Mister Big retired as the second-richest pacer to ever strap on a sulky, just $252,702 behind the $4,260,959 gelding Gallo Blue Chip earned. That makes Mister Big the richest intact male pacer ever.
He is just the second pacer to surpass $4 million lifetime and he reached that figure on both sides of the border, despite the fact the United States Trotting Association (USTA) converts Canadian earnings into U.S. currency and Standardbred Canada counts both countries’ currency at par.
Joe Muscara Sr., of Huntingdon Valley, PA, purchased Mister Big for $225,000 from Kentuckiana Farms and trainer Tim Pinske at the 2006 Harrisburg Mixed Sale and placed the pacer in the care of trainer Virgil Morgan, Jr.
“I went to the Harrisburg sale for one reason—to buy Mister Big,” Muscara, Sr. said in 2007.
“We paid a little bit more than we originally planned to, but I think he’s been worth it.”
Under Pinske’s tutelage, Mister Big went 3-3-2 in 16 starts as a three-year-old, earning $312,433, including a take of $82,264 on the Ontario Sires Stakes circuit.
Though he earned $789,712 in 2009 in his last season on the track, the year was only half as profitable as 2008.
“(In 2008), he averaged over $100,000 a race. I think you’re taking a chance to say, ‘Nobody will ever do that,’ but when you look at what you have to do to average $100,000 a race for an aged horse, that’s an unbelievable record,” Joe Muscara, Jr. said.
Lifetime, Mister Big posted a record of 34-20-11, meaning he hit the board 65 of 85 times, or 76 per cent. He cashed a cheque in more than 90 per cent of his races, only failing to earn money in eight starts. Lifetime, Mister Big has averaged $48,747 per start.

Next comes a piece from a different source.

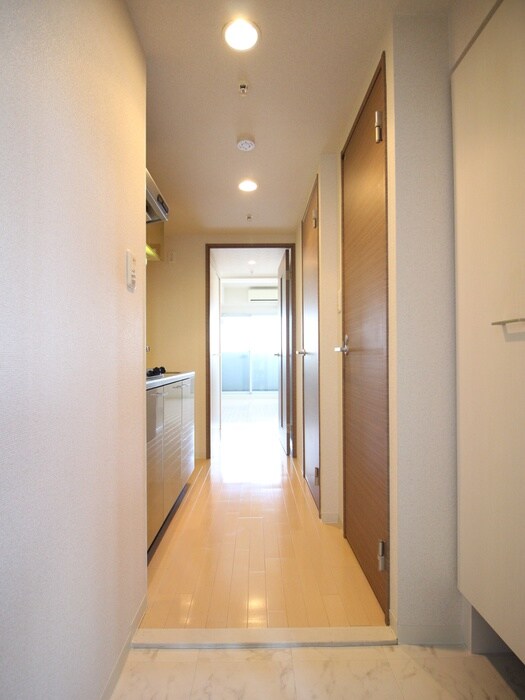 物件内観写真15　(廊下)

Muscara, Sr., brought Mister Big back to the track for his six-year-old season in 2009 despite an incredible campaign in 2008 in which the pacer won 11 of 14 races, earned over $1.5 million and grabbed the Dan Patch Award as the older pacer of the year in the U.S. Muscara, Sr. could have easily retired Mister Big to a lucrative stud deal at the end of ’08 with over $3.3 million to the pacer’s name already by that point.
“He likes watching him race, that’s for sure,” Joe Muscara, Jr. said of his father. “Last year, they told us to get out, ‘Protect your stud career,’ but my dad’s been in this 40 years and he’s got a great horse. Why stop now? We’re playing with the bank’s money.”

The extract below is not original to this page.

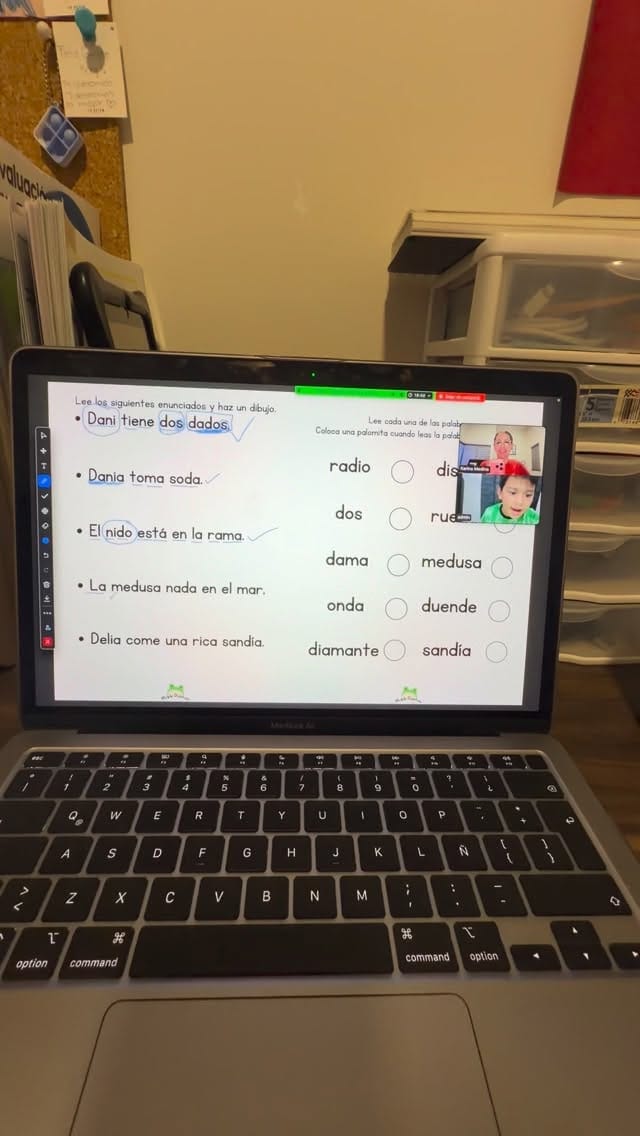 Post 5 by Miss Kary Medina 🍎✏️📖 on Instagram (video)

Now, officially, the Muscaras have stopped with Mister Big. He’s been retired to Tara Hills Stud in Port Perry, ON, joining the Muscaras’ other big stud, Mach Three, sire of world champion Somebeachsomewhere.

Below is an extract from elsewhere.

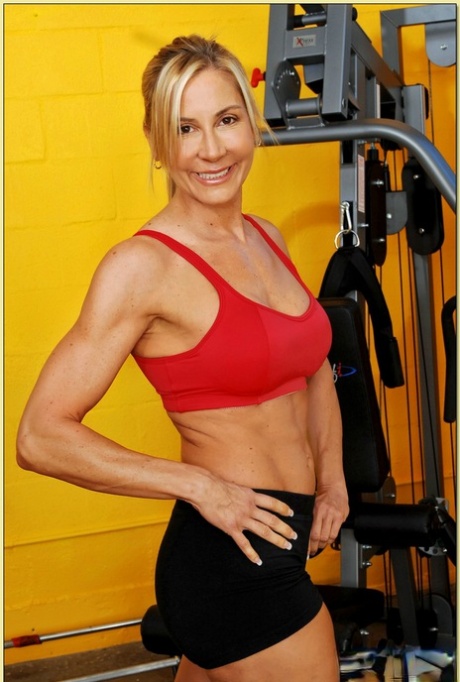 Fit MILF Kelly Estelle strisce in palestra e scopa il suo calvo personal trainer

Muscara, Jr. called Mister Big a “physical marvel. How can you race three years in the open with the times he does?”
“He’s got a big heart,” Muscara, Sr. said. “You don’t accomplish what this horse has achieved without having plenty of heart.”
In 2009, just down the road from where he took his first steps at Kentuckiana Farms in Lexington, KY, Mister Big won the $148,000 Allerage final at The Red Mile for the third straight year. His winning time of 1:49.2 was the 14th, and final, sub-1:50 mile of his career.